AVAILABLE DATA -

◇ ◇ ◇

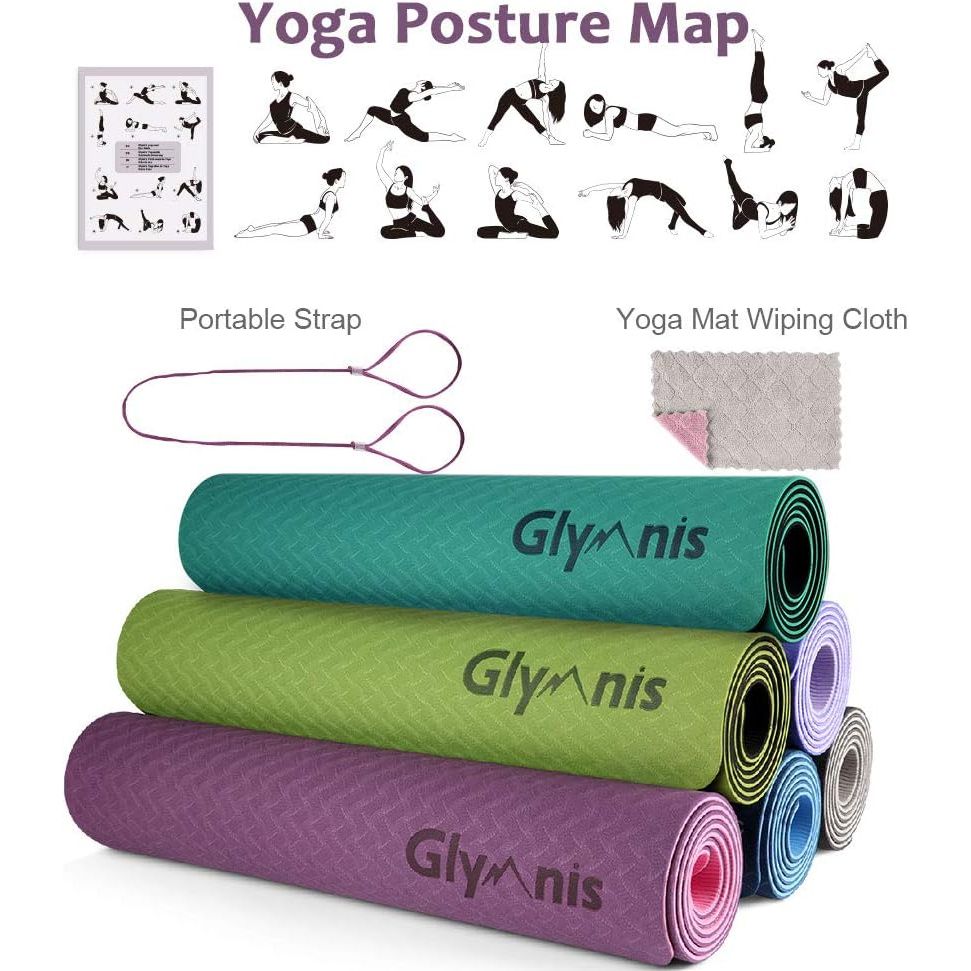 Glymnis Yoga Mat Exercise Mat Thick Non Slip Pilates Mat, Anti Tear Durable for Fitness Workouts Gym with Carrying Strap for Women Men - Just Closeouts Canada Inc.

◇ ◇ ◇

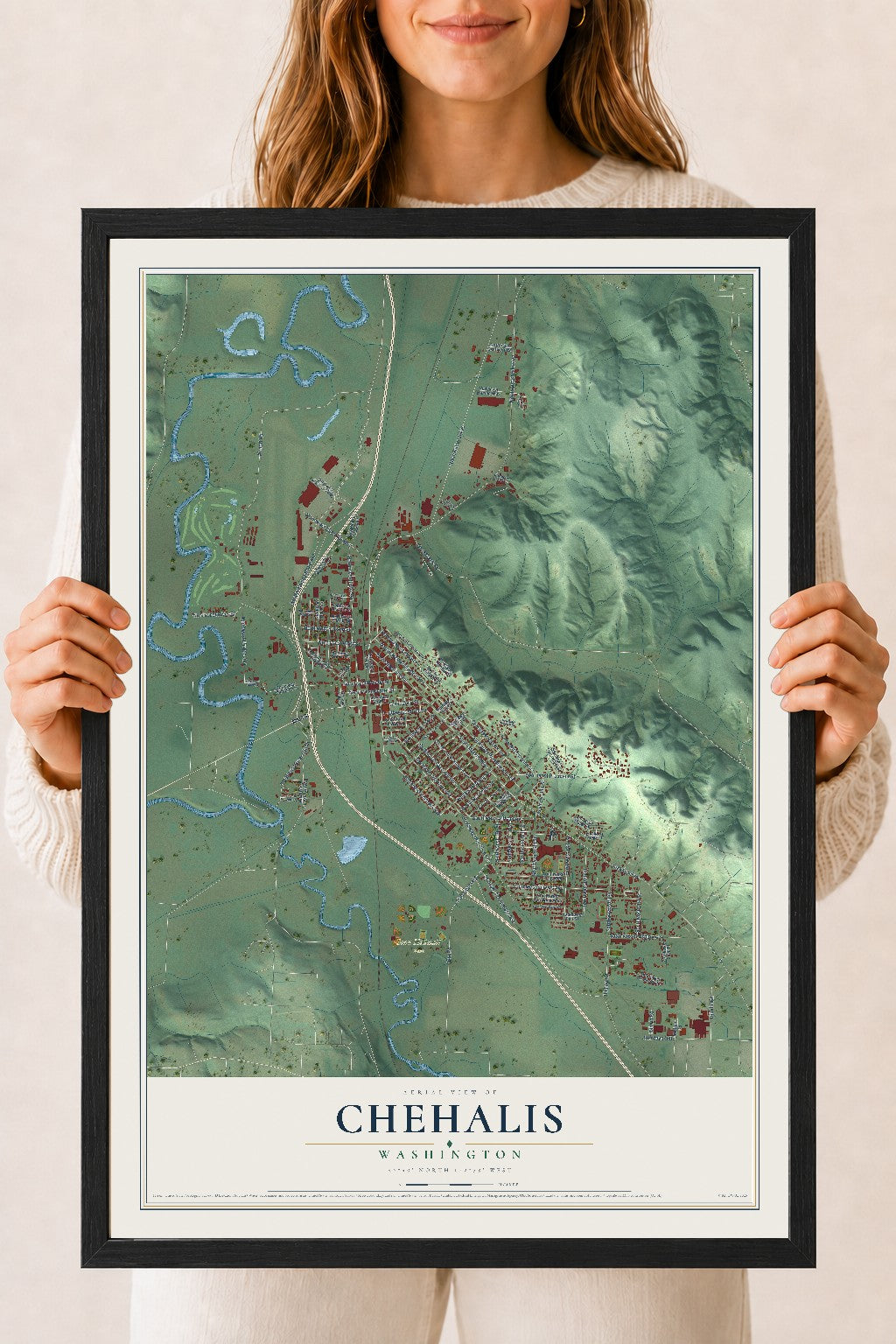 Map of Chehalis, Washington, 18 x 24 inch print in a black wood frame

◇ ◇ ◇

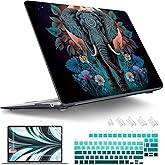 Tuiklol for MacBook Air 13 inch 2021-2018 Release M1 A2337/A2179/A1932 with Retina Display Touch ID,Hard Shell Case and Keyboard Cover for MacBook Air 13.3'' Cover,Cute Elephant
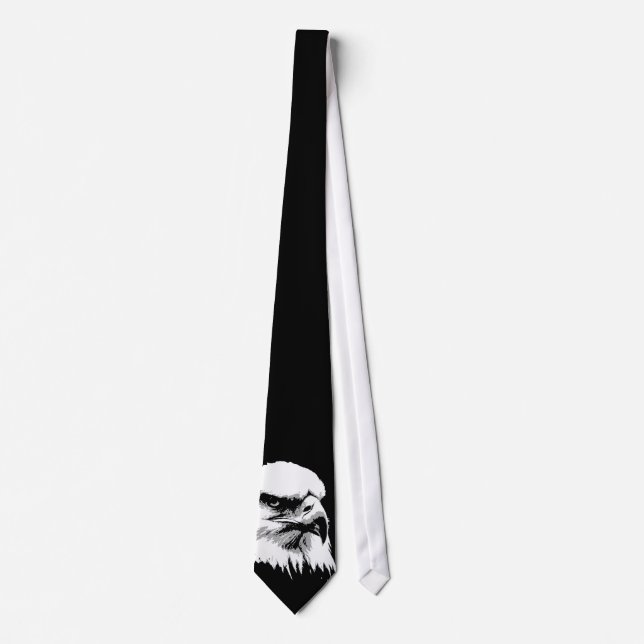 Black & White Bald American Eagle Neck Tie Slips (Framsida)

◇ ◇ ◇

Quote word for word only the lines above from the one containing "Tuiklol for MacBook" through the one containing "Black & White". Pictures stay out of your copy.

 Tuiklol for MacBook Air 13 inch 2021-2018 Release M1 A2337/A2179/A1932 with Retina Display Touch ID,Hard Shell Case and Keyboard Cover for MacBook Air 13.3'' Cover,Cute Elephant
 Black & White Bald American Eagle Neck Tie Slips (Framsida)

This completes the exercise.